-- Opening Marker --

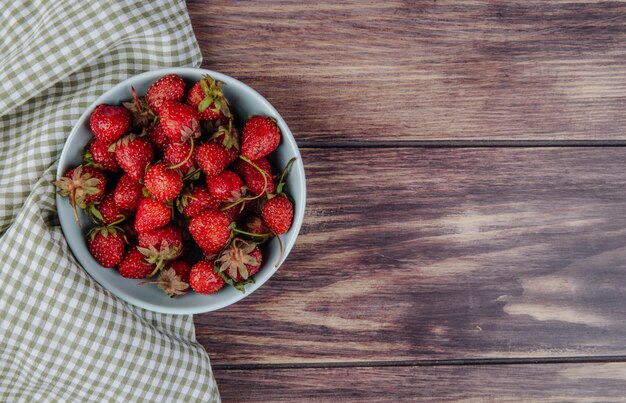 Vista superior de fresas maduras frescas en un recipiente en madera rústica con espacio de copia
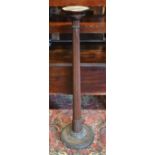 A 19th century mahogany jardiniere stand, converted from a carved bed post, weighted base
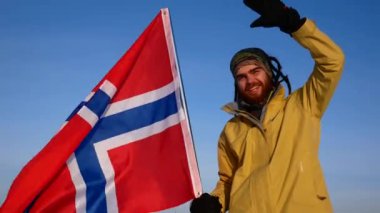 Mavi gökyüzü karşı bir Norveçli bir close-up Norveç bayrağı ile. Milli takım için destek.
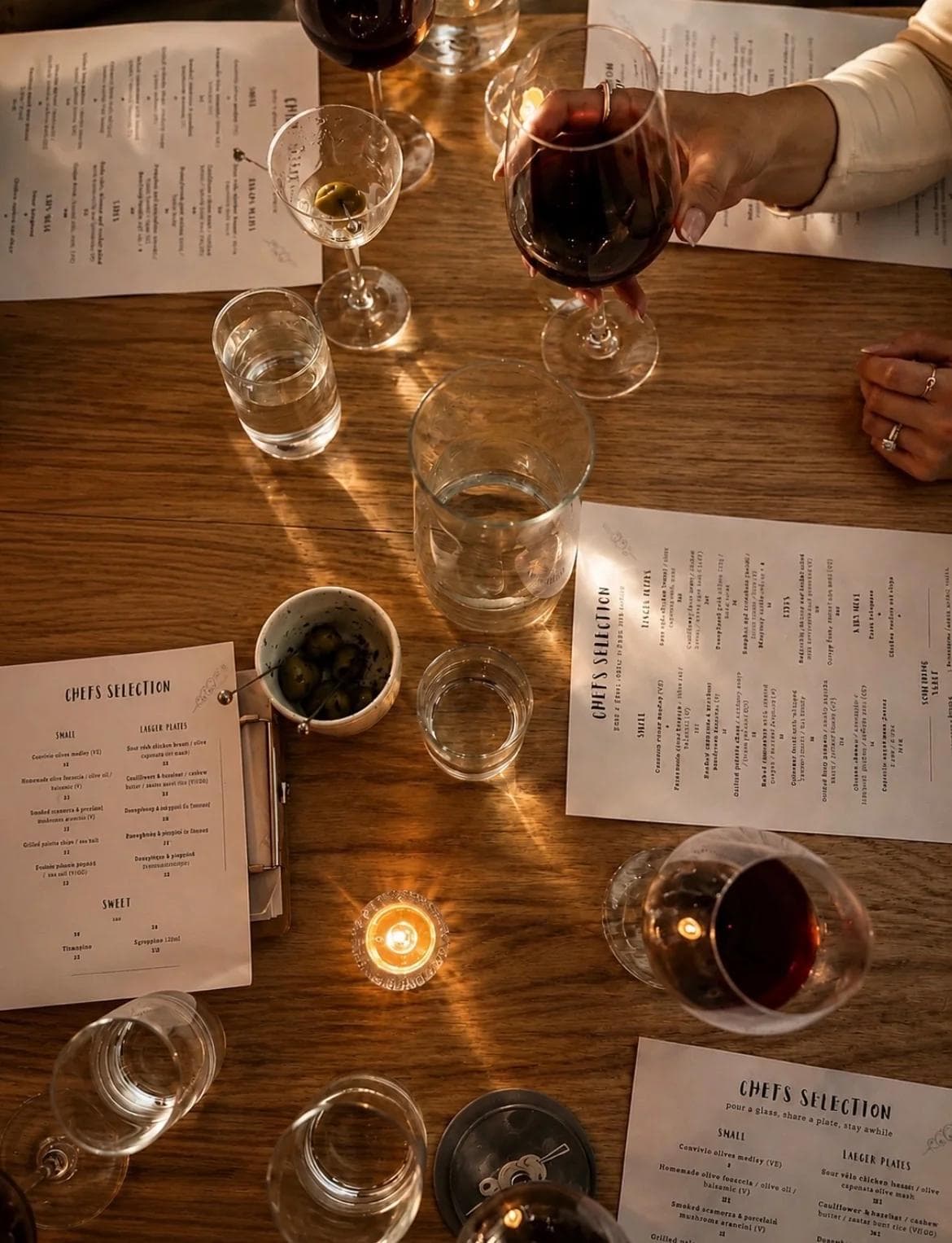 A table set for food and wine at Convivio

-- Closing Marker --

Problem details. Leave the pictures out and restate the listing word for word.

Answer to the exercise.
 Vista superior de fresas maduras frescas en un recipiente en madera rústica con espacio de copia
 A 19th century mahogany jardiniere stand, converted from a carved bed post, weighted base
 Mavi gökyüzü karşı bir Norveçli bir close-up Norveç bayrağı ile. Milli takım için destek.
 A table set for food and wine at Convivio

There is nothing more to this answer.